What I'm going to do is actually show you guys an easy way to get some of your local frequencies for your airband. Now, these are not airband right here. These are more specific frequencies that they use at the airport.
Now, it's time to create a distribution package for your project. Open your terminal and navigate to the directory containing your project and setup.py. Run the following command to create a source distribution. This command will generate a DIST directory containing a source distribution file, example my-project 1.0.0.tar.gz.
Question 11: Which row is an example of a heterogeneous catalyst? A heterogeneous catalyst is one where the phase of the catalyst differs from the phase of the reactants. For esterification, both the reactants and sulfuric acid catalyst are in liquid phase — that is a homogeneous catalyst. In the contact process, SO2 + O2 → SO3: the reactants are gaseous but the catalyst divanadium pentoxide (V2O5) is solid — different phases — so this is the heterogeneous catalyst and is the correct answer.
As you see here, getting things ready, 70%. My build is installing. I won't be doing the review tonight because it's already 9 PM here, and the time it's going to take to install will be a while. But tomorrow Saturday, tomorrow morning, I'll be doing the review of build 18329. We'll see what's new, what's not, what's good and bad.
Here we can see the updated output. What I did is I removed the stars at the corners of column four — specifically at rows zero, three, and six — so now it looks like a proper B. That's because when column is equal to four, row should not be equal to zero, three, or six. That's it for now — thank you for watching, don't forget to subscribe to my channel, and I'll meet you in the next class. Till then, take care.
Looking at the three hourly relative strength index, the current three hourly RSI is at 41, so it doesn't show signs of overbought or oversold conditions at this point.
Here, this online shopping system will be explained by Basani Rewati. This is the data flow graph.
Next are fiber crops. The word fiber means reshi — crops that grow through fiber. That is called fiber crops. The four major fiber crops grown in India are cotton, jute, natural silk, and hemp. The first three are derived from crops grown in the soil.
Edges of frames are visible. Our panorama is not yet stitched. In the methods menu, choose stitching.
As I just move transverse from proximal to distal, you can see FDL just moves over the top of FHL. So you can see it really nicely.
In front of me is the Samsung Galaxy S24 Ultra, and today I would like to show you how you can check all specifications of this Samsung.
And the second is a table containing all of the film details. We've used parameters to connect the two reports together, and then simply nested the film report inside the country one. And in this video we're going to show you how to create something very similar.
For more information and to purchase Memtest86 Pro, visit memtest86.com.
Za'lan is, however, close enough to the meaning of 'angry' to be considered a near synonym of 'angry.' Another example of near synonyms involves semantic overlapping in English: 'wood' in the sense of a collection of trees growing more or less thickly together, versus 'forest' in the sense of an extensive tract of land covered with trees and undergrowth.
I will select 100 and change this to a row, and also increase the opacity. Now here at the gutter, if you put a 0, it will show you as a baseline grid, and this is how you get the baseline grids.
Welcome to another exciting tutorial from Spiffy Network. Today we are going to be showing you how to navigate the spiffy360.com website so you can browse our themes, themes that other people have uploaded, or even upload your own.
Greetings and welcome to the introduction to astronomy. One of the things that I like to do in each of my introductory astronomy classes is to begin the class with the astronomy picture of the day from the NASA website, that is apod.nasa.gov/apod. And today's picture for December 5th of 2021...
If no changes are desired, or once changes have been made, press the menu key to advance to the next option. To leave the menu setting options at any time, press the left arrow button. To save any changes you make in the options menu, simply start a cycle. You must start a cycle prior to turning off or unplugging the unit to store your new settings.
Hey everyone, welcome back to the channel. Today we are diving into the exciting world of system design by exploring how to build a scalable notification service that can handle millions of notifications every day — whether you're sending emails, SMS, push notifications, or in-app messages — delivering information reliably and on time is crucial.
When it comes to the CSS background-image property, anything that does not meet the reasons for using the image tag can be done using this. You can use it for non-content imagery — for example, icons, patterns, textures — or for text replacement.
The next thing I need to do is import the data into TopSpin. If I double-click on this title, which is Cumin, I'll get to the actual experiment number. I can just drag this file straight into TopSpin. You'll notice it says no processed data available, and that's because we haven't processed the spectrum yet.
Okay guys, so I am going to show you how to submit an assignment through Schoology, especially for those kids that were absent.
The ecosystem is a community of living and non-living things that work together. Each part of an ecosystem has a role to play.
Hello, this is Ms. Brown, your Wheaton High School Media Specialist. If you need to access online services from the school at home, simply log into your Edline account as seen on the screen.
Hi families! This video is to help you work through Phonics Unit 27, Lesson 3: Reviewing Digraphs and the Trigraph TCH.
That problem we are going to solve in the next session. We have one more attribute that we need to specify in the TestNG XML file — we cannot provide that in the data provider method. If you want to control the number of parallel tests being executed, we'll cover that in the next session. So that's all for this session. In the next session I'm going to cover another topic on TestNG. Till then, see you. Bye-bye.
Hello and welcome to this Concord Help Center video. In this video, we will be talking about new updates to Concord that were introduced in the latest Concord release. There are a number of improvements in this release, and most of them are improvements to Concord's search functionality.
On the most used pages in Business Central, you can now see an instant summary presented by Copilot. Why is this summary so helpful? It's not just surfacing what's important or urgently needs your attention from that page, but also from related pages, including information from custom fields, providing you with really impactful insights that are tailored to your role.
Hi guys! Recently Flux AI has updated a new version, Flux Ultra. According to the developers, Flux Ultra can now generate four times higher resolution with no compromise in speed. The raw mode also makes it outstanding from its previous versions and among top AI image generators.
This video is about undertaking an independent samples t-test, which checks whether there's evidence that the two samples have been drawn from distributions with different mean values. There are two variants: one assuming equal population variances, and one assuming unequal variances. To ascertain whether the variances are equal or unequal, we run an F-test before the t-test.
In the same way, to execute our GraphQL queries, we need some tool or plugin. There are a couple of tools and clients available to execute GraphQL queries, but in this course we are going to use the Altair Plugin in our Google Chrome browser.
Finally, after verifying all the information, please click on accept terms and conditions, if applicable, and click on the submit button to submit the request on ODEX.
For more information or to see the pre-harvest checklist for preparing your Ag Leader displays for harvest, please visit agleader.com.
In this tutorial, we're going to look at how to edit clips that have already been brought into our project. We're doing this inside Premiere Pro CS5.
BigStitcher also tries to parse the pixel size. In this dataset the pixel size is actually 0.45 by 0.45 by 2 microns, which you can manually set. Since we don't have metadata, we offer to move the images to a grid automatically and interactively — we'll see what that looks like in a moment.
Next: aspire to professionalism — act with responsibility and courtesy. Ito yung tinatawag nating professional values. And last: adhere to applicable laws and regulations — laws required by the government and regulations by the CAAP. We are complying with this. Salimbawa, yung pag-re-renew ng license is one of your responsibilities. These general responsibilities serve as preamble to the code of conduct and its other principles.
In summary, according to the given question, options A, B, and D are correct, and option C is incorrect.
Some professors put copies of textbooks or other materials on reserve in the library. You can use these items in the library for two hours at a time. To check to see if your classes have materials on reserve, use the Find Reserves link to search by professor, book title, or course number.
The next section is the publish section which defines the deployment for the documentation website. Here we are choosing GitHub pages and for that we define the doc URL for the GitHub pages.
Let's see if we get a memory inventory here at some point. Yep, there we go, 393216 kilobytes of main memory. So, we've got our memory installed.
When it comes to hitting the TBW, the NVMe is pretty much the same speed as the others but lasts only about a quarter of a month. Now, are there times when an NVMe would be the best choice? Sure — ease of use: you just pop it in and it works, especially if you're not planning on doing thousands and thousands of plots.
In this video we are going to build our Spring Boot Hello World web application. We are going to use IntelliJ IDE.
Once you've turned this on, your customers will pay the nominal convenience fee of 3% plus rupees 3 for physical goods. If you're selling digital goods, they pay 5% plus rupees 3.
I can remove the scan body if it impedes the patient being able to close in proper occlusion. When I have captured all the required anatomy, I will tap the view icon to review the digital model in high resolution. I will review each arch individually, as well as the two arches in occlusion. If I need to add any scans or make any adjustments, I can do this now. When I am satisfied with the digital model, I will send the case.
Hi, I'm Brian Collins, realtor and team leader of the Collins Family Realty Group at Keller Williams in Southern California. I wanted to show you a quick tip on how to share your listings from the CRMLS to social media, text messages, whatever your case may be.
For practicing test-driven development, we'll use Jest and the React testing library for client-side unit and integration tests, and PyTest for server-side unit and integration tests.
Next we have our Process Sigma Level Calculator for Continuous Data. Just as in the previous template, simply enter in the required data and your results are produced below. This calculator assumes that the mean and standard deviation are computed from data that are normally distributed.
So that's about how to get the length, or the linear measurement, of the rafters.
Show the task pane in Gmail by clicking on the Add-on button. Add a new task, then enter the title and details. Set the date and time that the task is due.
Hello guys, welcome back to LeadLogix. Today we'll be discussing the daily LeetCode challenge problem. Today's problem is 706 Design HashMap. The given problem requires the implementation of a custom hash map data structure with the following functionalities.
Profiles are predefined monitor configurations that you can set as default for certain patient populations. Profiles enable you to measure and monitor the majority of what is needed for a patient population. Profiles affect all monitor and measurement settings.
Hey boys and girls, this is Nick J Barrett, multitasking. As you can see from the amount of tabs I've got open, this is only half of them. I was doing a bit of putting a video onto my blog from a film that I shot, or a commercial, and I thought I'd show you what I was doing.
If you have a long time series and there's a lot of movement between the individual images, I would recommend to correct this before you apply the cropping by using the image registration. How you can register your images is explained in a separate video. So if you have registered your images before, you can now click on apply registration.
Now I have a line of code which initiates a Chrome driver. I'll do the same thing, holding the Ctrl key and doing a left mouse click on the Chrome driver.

- What is being asked -
Return exactly the lines from the one containing "Next we have" through the last line of the records above, both included, and nothing else.

- Response box -
Next we have our Process Sigma Level Calculator for Continuous Data. Just as in the previous template, simply enter in the required data and your results are produced below. This calculator assumes that the mean and standard deviation are computed from data that are normally distributed.
So that's about how to get the length, or the linear measurement, of the rafters.
Show the task pane in Gmail by clicking on the Add-on button. Add a new task, then enter the title and details. Set the date and time that the task is due.
Hello guys, welcome back to LeadLogix. Today we'll be discussing the daily LeetCode challenge problem. Today's problem is 706 Design HashMap. The given problem requires the implementation of a custom hash map data structure with the following functionalities.
Profiles are predefined monitor configurations that you can set as default for certain patient populations. Profiles enable you to measure and monitor the majority of what is needed for a patient population. Profiles affect all monitor and measurement settings.
Hey boys and girls, this is Nick J Barrett, multitasking. As you can see from the amount of tabs I've got open, this is only half of them. I was doing a bit of putting a video onto my blog from a film that I shot, or a commercial, and I thought I'd show you what I was doing.
If you have a long time series and there's a lot of movement between the individual images, I would recommend to correct this before you apply the cropping by using the image registration. How you can register your images is explained in a separate video. So if you have registered your images before, you can now click on apply registration.
Now I have a line of code which initiates a Chrome driver. I'll do the same thing, holding the Ctrl key and doing a left mouse click on the Chrome driver.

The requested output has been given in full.